Stevens, 36, in his sixth season as head coach, might have taken a bit of Few's counsel during courtships by bigger schools during Butler's amazing 2010-11 run.
“We talk every once in a while,” says Few. “We talked a little bit when he had some decisions (to make). He's a great guy, an even better person than he is a coach.”
Both coaches were courted by Few's alma mater, Oregon, in 2010, but that's not their only tie. Butler's athletic director, Barry Collier, is a former assistant to Don Monson, a Zags season-ticket holder and the father of Dan Monson, who coached Gonzaga's Elite Eight team in 1999.
The cuddly-underdog theme doesn't apply to the teams' front lines.
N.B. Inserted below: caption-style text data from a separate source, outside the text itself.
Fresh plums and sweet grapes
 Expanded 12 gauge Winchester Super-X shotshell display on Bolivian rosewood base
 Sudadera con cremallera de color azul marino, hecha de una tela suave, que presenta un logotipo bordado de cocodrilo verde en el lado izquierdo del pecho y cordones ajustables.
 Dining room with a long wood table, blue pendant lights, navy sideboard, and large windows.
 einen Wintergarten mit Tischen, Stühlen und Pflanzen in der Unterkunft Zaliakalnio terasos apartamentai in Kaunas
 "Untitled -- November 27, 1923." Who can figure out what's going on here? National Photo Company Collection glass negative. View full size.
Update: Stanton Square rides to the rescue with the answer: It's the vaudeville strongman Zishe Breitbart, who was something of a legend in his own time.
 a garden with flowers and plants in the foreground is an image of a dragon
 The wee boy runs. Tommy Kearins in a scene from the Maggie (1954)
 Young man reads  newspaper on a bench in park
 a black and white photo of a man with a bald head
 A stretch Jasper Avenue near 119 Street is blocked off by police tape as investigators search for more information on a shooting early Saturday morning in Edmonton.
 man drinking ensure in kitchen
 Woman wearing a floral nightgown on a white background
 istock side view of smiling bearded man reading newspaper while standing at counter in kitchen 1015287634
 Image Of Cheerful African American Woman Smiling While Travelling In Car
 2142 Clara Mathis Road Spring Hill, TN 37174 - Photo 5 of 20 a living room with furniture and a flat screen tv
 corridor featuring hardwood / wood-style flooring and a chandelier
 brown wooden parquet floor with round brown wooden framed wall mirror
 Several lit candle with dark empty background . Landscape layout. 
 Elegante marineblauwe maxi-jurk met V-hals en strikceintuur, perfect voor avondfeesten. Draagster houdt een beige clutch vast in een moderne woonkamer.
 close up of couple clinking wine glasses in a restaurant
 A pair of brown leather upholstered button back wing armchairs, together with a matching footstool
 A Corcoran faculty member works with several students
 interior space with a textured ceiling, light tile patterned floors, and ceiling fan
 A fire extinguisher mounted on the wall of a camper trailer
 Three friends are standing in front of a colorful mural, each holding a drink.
Gonzaga sometimes plays two 7-footers at once, and Few calls Butler “probably the most physical team you can play. It really comes down to your guys not getting frustrated.
”They probably do a better job than anybody of frustrating teams. And they're absolutely terrific at executing what they want to execute, and then you start defending a certain way, and there's a counter.“
Stevens told The Indianapolis Star the GameDay appearance is a ”bucket list“ event. It's the first Butler game at Hinkle Fieldhouse — opened in 1928 and site of the filming of ”Hoosiers“ — featuring top-15 teams.
Butler won't be overawed. Under Stevens, the Bulldogs have beaten five top-10 teams, including then-No. 1 Indiana last month.
Gonzaga chartered to Indianapolis on Friday after a comfortable 71-49 win at Portland on Thursday night in which Few seemed to be mindful of keeping players fresh. Zags starters played 115 minutes, reserves 85.